Entscheidungsstichwort (Thema)
Abgrenzung der abhängigen Beschäftigung von der selbständigen Tätigkeit bei einem als sog. Subunternehmer in einer Baufirma Tätigen
Leitsatz (amtlich)
Unterlassene Beteiligung Betroffener im Verwaltungsverfahren ist im Eilverfahren bezüglich der Anordnung der aufschiebenden Wirkung eines Bescheids bzgl. einer Nachforderung von Sozialversicherungsbeiträgen im Regelfall unbeachtlich.
Orientierungssatz
1. Bei der Abgrenzung der abhängigen Beschäftigung von der selbständigen Tätigkeit ist von Ersterer auszugehen, wenn die Tätigkeit in einem Arbeitsverhältnis unter einer Weisungsgebundenheit verrichtet wird und eine Eingliederung in einen fremden Betrieb vorliegt. Demgegenüber ist eine selbständige Tätigkeit durch das eigene Unternehmerrisiko, eine eigene Betriebsstätte, die Verfügungsmöglichkeit über die eigene Arbeitskraft und die im Wesentlichen frei gestaltete Tätigkeit und Arbeitszeit gekennzeichnet.

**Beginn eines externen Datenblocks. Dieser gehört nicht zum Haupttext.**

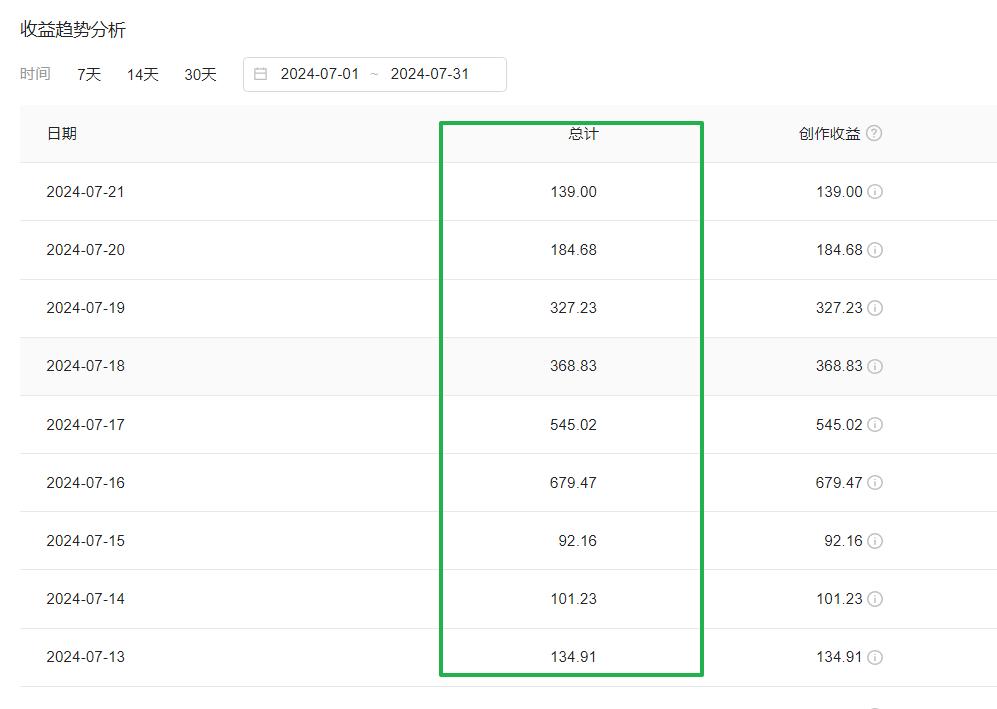 一篇文章收益达到了1754.64元！！这在头条算是什么水平？
其中，展现量达到了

2. Ist ein als sog. Subunternehmer für eine Baufirma Tätiger in die Arbeitsorganisation seines Auftraggebers eingebunden, hat er ein unternehmerisches Risiko nicht zu tragen und treffen auf ihn nahezu alle Merkmale eines als Arbeitnehmer Beschäftigten zu, so ist es für die Annahme einer abhängigen Beschäftigung unschädlich, wenn er selbst ein Gewerbe angemeldet hat. Dieses erfolgte erkennbar zu dem Zweck, um sich dem deutschen Arbeitsmarkt möglichst ohne lohnkostenerhöhende Sozialversicherung zur Verfügung zu stellen.
Tenor
I. Die Beschwerde gegen den Beschluss des Sozialgerichts Augsburg vom 01. Oktober 2021 wird zurückgewiesen.
II. Der Antragsteller und Beschwerdeführer trägt auch die Kosten des Beschwerdeverfahrens.
III. Der Streitwert für das Beschwerdeverfahren wird festgesetzt auf 16.637,96 Euro.
Gründe
I.
Der Antragsteller und Beschwerdeführer (Bf) wendet sich im Wege des Eilverfahrens gegen einen Beitragsnachforderungsbescheid der Antragsgegnerin und Beschwerdegegnerin (Bg) iHv 66.551,83 Euro (inklusive Säumniszuschläge von 10.109,50 Euro).
Der Bf betreibt eine Trockenbaufirma als Einzelunternehmer. Zur Erfüllung seiner Aufträge setzt der Bf regelmäßig weitere Personen ("Subunternehmer") ein.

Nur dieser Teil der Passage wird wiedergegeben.